Selasa, 13 Februari 2018 | 10:45 WIB
Suap Bupati Ngada Jadi Pintu Masuk Bongkar Korupsi di NTT
Bupati Ngada yang juga bakal calon Gubernur NTT Marianus Sae usai menjalani pemeriksaan 1x24 jam di Gedung KPK, Jakarta, Senin (12/2).
Follow Suara.com untuk mendapatkan informasi terkini. Klik WhatsApp Channel & Google News

Suara.com - Komisi Pemberantasan Korupsi telah menetapkan Bupati Ngada, Provinsi Nusa Tenggara Timur, Marianus Sae dan Direktur PT Sinar 99 Permai Wilhelmus Iwan Ulumbu sebagai tersangka kasus dugaan suap terkait proyek-proyek di lingkungan Pemerintahan Kabupaten Ngada.

Kasus yang menjerat Marianus ini diyakini menjadi pintu masuk bagi KPK dalam membongkar kasus-kasus korupsi lainnya di Ngada maupun daerah lain di NTT.

Selain diduga menerima suap terkait proyek pembangunan jalan dan jembatan, Marianus Sae diduga terlibat dalam kasus korupsi di sektor sumber daya alam NTT. Jaringan Advokasi Tambang (Jatam) mengungkapkan, Marianus menerbitkan 5 Izin Usaha Pertambangan pada 2010 atau tahun yang sama saat dirinya terpilih dilantik sebagai Bupati Ngada untuk periode pertama.

Salah satu perusahaan yang diberikan izin adalah PT Laki Tangguh Indonesia, milik mantan Ketua DPR Setya Novanto dengan luas konsesi mencapai 28.921 hektar.

Marianus yang mencalonkan diri sebagai calon gubernur NTT dengan diusung PDIP dan PKB ini pernah dilaporkan ke Bareskrim Mabes Polri pada 20 September 2013 atas dugaan manipulasi izin tambang PT Laki Tangguh.
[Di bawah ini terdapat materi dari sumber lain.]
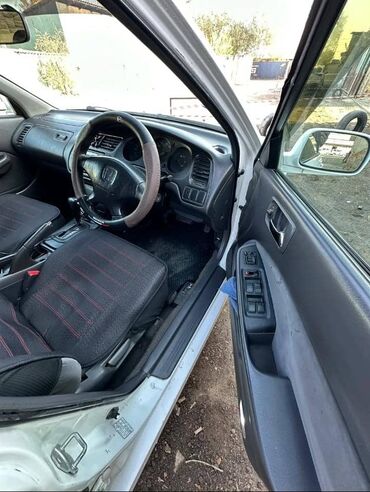 Honda: Honda Torneo: 2000 г., 1.8 л, Автомат, Бензин, Седан — 9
Hal ini lantaran Marianus diduga telah menerbitkan Izin Usaha Pertambangan untuk PT Laki Tangguh tanpa adanya surat permohonan tertulis dari perusahaan tersebut.

"Dimana Izin Usaha Pertambangan terbit sebelum adanya permohonan tertulis dari pihak PT Laki Tangguh" kata Kepala Kampanye Jatam Melky Nahar dalam keterangan persnya, Selasa (13/2/2018).
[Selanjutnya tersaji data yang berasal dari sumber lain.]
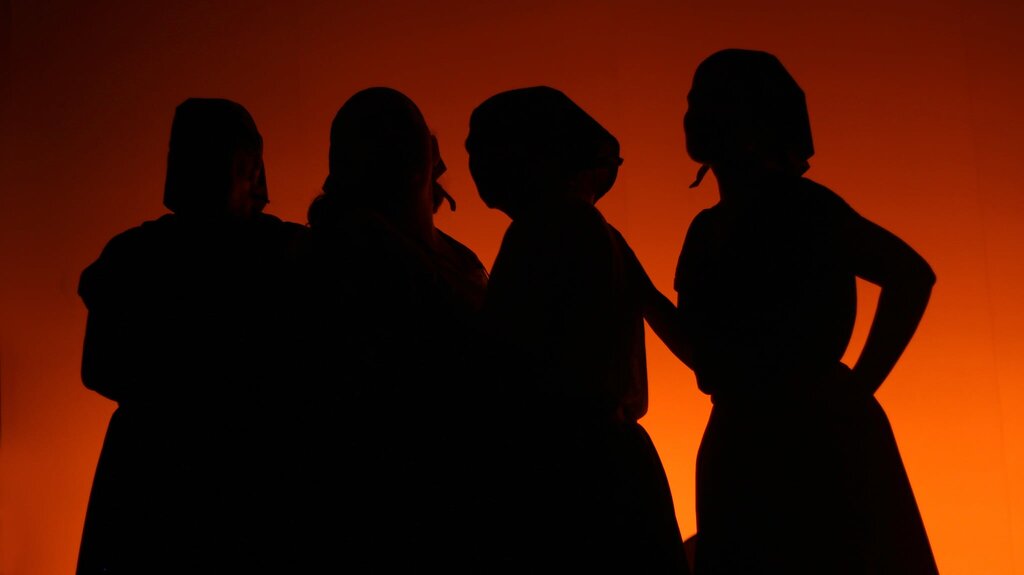 Leitura da obra "Mulheres Móveis"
Tak hanya pertambangan, Marianus juga tercatat menerbitkan Surat Izin Lokasi kepada Perusahaan Perkebunan Kemiri Reutealis Trisperma, PT Bumiampo Investama Sejahtera, anak perusahaan PT Bahtera Hijau Lestari Indonesia (BHLI) seluas 30.000 hektar pada 2011. Izin yang diterbitkan Marianus ini membuat perusahaan mengambil alih lahan masyarakat.

"Akibatnya, lahan masyarakat di Kecamatan Wolomeze diambilalih, hutan produksi masyarakat ditebang seenaknya," katanya.
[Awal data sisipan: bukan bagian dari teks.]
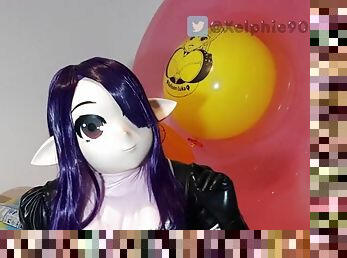 Rubber maid Xelphie rides a depraved balloon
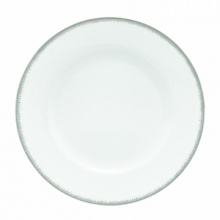 Silver Aster is an updated platinum banded pattern, with an iconic feathering detail. The pattern is a perfect blend of Wedgwood heritage and a contemporary design.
Selain di Ngada, terdapat sejumlah kasus dugaan korupsi yang melibatkan pejabat baik di tingkat kabupaten dan kota lainnya maupun di tingkat Provinsi NTT. Namun, kasus-kasus dugaan korupsi di NTT tersebut seolah tenggelam dan prosesnya tak pernah hingga tuntas.